不能唯数额论,早已成为立法的通识。所以现在的刑法都只规定数额较大、数额巨大、数额特别巨大、情节严重、情节特别严重等层级,而不再规定具体的数额标准,让司法解释去规定,司法解释没有规定的,就让法官根据先例、根据实践自行决定。其目的,就是为了让法官可以具体情况具体处理,所有个案都实现罪刑相当、罚当其罪。

不能唯数额论,也成为了司法解释的共识。现在制定司法解释,对于同一档法定刑,往往设置多个标准,甚至还额外作出特别规定,以适应种类繁多、复杂多变的案件。应当说,在司法解释中专门规定“被害人过错”特别条款,并明确规定根据此情节可以“从宽处理;情节显著轻微危害不大的,不认为是犯罪”,可谓前所未见、独此一家,是需要相当勇气和毅力的。据悉,后面的司法解释就没人再这么写了。

当时为什么要力主并坚持写下这一条规定,就是考虑,法律、司法解释对敲诈勒索罪的定性规定几乎是空白的,而敲诈勒索案件往往是民刑交织的疑难案件,在罪与非罪的问题上争辩特别激烈,经常是要么无罪,要么就是10年以上有期徒刑的重刑,没有中间道路可走。设置被害人过错这一特别规定后,只要用好用活这一规定,敲诈勒索案件中的常见疑难问题,基本上都可以迎刃而解,从而取得各方满意的效果。如果不用甚至无视这一规定,就容易出问题,就像近期被热炒的案件。

还有,北京朝阳司法机关处理的陈某琳敲诈勒索案,也因无视这一规定,造成了一定遗憾,甚至可能造成不良后果。因没有看到判决书,下面内容是根据网上信息整理,可能与判决书有所出入。

法院认定的事实:被告人陈某琳以其与吴某波长期存在不正当男女关系,且需要购房为由,于2018年1月至2月间,向欲与自己分手的吴某波分两次索要人民币300万元、800万元,吴某波要求陈某琳同意分手并亲笔书写不公开二人关系、删除二人照片等隐私材料的承诺书后,将上述钱款给付陈某琳。陈某琳于2018年9月18日,将二人不正当男女关系发布于网络,连成吴某波公众形象受损。后陈某琳又于2018年10月8日,以曝光其与吴某波二人亲密照片等隐私为由,向吴某波索要人民币4000万元,陈某琳与吴某波达成分期4年支付协议后,吴某波向陈某琳转账人民币300万。

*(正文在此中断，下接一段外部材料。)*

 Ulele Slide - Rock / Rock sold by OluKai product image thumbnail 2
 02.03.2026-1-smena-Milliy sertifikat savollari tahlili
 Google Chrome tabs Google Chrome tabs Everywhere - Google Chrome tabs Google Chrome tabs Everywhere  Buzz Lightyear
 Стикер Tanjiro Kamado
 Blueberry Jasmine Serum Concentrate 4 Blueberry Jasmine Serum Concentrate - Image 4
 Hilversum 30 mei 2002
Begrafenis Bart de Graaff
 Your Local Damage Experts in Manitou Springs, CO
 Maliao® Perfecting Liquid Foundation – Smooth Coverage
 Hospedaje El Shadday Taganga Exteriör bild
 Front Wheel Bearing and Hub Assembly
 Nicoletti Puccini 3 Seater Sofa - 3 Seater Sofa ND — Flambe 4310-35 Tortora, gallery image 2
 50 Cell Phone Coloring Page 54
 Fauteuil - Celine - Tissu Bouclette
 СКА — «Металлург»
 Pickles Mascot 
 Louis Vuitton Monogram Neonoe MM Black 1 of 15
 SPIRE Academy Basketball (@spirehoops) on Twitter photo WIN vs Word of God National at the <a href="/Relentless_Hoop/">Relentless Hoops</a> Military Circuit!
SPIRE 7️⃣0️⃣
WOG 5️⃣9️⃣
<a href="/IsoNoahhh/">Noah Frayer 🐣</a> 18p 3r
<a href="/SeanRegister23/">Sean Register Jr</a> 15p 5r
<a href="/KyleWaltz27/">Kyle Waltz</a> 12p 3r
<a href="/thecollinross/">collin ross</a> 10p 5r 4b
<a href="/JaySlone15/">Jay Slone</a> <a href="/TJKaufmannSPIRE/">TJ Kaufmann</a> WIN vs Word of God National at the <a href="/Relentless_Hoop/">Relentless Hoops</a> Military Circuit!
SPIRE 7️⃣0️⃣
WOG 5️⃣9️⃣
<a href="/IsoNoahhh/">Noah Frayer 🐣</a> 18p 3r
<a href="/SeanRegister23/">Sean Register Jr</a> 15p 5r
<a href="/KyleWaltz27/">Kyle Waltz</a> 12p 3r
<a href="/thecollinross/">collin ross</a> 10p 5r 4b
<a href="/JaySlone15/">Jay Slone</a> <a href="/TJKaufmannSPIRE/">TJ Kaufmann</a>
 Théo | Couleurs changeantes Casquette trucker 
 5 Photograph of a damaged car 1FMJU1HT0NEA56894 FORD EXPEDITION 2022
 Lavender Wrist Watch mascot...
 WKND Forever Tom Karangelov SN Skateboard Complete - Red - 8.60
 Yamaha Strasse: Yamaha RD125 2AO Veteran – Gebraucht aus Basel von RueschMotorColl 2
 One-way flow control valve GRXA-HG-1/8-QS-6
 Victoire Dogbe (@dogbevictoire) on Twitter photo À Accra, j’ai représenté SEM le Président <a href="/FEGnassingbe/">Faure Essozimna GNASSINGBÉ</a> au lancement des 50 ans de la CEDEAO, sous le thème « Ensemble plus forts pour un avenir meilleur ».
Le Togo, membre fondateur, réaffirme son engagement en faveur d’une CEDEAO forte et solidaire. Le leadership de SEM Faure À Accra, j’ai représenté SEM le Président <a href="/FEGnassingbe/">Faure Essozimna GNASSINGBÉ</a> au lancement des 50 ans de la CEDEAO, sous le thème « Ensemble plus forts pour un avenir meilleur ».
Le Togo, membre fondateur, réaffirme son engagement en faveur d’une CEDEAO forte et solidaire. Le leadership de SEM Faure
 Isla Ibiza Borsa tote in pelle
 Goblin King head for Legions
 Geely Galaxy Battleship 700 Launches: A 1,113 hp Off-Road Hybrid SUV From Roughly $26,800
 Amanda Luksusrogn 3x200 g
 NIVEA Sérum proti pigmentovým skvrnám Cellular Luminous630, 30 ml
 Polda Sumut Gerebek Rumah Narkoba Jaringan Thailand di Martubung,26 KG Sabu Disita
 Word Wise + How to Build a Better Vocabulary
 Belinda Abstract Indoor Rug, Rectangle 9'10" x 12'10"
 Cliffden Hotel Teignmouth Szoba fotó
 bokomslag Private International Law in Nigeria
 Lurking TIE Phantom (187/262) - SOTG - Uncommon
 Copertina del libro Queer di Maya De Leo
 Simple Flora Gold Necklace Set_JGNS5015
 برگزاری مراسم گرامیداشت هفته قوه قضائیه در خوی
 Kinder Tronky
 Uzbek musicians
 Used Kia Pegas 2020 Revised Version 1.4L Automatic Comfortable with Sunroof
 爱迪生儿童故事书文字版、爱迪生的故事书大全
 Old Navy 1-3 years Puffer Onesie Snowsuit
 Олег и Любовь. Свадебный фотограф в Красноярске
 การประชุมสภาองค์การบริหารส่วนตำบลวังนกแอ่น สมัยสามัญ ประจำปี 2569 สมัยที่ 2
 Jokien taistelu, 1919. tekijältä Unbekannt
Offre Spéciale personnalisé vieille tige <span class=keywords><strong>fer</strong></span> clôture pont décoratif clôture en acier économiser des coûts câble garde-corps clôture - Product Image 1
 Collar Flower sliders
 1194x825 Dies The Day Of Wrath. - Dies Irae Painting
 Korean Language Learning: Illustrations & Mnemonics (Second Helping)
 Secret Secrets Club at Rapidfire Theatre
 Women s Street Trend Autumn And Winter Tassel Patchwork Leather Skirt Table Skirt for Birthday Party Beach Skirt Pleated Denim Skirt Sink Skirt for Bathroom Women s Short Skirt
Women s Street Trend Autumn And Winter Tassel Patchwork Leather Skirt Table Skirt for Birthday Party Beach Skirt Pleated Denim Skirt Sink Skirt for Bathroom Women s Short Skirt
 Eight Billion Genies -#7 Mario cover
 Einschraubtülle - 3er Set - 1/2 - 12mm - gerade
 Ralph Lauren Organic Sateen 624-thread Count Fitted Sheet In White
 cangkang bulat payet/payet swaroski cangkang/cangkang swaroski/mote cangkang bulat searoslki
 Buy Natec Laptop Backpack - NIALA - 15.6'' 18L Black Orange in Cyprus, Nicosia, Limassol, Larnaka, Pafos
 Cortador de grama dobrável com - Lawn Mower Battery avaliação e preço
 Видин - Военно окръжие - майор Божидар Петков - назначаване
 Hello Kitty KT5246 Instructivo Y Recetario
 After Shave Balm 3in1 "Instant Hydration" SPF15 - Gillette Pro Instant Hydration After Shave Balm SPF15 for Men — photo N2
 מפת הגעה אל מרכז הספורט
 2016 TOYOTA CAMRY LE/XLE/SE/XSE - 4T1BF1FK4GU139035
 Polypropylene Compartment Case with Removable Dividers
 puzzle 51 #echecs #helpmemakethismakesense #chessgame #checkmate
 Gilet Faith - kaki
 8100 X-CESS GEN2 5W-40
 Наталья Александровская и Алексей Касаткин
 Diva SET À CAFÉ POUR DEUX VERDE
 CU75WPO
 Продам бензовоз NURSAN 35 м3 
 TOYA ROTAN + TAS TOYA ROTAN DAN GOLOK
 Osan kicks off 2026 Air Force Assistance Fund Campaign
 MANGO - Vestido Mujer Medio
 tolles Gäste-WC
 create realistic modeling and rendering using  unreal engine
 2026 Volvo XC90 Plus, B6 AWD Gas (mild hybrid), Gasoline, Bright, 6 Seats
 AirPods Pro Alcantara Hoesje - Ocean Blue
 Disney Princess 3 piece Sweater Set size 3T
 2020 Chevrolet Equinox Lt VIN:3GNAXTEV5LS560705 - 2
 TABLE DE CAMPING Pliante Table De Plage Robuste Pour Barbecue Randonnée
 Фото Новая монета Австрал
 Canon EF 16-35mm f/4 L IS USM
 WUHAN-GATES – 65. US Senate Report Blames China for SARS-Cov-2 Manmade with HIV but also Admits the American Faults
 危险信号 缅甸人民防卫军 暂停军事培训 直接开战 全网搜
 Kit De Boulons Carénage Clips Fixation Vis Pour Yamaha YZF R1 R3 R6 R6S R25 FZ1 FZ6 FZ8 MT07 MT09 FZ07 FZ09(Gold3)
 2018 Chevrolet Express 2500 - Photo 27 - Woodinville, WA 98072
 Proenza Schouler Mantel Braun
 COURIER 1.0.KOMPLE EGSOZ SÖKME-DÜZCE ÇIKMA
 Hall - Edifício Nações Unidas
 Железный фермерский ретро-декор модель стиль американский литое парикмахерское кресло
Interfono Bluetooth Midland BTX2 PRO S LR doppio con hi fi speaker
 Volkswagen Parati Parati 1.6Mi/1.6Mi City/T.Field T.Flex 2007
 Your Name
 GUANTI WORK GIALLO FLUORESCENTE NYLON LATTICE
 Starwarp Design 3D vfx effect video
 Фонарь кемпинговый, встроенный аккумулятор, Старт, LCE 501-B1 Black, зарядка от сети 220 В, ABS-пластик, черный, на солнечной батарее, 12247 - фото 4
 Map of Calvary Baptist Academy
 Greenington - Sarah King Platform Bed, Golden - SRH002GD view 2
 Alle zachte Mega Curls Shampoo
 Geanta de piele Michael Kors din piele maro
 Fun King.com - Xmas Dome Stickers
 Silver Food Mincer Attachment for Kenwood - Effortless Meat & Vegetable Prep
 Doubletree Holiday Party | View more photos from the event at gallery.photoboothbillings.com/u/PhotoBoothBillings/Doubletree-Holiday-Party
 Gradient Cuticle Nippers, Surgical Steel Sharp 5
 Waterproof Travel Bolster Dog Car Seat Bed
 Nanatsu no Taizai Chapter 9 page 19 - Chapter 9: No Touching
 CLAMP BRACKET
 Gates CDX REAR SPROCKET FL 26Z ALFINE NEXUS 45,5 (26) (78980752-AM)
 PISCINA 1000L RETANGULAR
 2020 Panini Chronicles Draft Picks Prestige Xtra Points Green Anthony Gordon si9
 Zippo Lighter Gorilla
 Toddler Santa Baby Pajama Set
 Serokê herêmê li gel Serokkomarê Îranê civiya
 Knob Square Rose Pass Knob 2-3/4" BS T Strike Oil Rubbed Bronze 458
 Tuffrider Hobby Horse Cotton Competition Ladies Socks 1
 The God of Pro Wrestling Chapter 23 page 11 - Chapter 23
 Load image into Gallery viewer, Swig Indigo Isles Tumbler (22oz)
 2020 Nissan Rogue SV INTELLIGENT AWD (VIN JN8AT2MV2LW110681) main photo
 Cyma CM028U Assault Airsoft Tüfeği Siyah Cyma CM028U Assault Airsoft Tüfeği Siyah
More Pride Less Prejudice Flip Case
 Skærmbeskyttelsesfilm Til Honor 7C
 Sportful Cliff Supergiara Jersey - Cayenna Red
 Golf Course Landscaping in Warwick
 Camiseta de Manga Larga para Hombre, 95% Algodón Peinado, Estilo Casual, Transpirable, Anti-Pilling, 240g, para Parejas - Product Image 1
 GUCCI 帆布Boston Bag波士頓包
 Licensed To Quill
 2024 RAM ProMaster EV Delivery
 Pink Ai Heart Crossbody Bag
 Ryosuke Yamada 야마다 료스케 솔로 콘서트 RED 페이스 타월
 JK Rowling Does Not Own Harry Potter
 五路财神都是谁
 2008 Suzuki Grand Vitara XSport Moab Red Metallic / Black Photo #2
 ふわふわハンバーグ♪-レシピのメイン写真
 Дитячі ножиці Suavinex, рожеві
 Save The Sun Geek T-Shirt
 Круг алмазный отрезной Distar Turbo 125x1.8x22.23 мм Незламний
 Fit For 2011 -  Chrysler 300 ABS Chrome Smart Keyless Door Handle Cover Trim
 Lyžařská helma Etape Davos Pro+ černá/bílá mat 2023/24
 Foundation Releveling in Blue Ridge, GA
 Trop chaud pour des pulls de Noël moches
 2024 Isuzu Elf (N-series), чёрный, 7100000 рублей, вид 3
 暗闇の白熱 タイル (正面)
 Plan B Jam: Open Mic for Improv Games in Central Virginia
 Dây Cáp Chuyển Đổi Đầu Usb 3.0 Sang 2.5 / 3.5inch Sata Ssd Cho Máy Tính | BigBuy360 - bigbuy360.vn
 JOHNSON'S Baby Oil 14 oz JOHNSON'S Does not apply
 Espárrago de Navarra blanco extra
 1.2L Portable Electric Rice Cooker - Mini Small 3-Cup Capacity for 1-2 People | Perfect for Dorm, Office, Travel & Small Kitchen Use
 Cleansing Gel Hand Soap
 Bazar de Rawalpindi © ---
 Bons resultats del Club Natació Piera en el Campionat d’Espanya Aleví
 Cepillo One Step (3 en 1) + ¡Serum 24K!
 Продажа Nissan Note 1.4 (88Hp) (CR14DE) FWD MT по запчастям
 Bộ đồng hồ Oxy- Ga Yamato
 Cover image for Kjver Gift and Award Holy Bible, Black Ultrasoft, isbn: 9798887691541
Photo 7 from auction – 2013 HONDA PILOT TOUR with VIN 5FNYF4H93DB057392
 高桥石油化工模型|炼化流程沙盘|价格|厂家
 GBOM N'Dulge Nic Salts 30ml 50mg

但陈某琳再次违约,要求变更约定的支付期限,并以进一步公开二人不正当关系、公开其他人的负面信息等理由相威胁,要挟吴某波一次性支付剩余的人民币3700万元。吴某波遂报警,导致案发。

司法机关的意见:陈某琳的行为分为两个阶段。第一阶段,陈某琳在要求对方签订“协议”之时,显然也以披露相关隐私相要挟,但对于是否接受等关键要素,吴某波仍有协商余地,客观上双方也达成了分期给付的协议,陈某琳的要挟手段对于吴某波并无紧迫性,故总体上仍属于双方自愿,但在第二阶段,陈某琳单方违背已达成的“协议”,要求将钱款一次性给付到位,并以继续曝光吴某波隐私相威胁,吴某波无奈之下选择报警。与之前第一阶段相比,第二阶段的要挟程度具有现实的急迫性,从而导致双方关系由“自愿给付”转化为“强制索要”,同时结合陈某琳所具有的非法占有的目的,可以认定其行为性质在此节点发生根本变化,满足了入罪条件。考量犯罪前因、犯罪手段和犯罪对象均具有一定特殊性,且属于犯罪未遂;犯罪后陈某琳有良好的认罪态度和积极的悔罪表现,并获得被害人谅解,以敲诈勒索罪对其判处有期徒刑三年,缓刑三年,并处罚金人民币十万元。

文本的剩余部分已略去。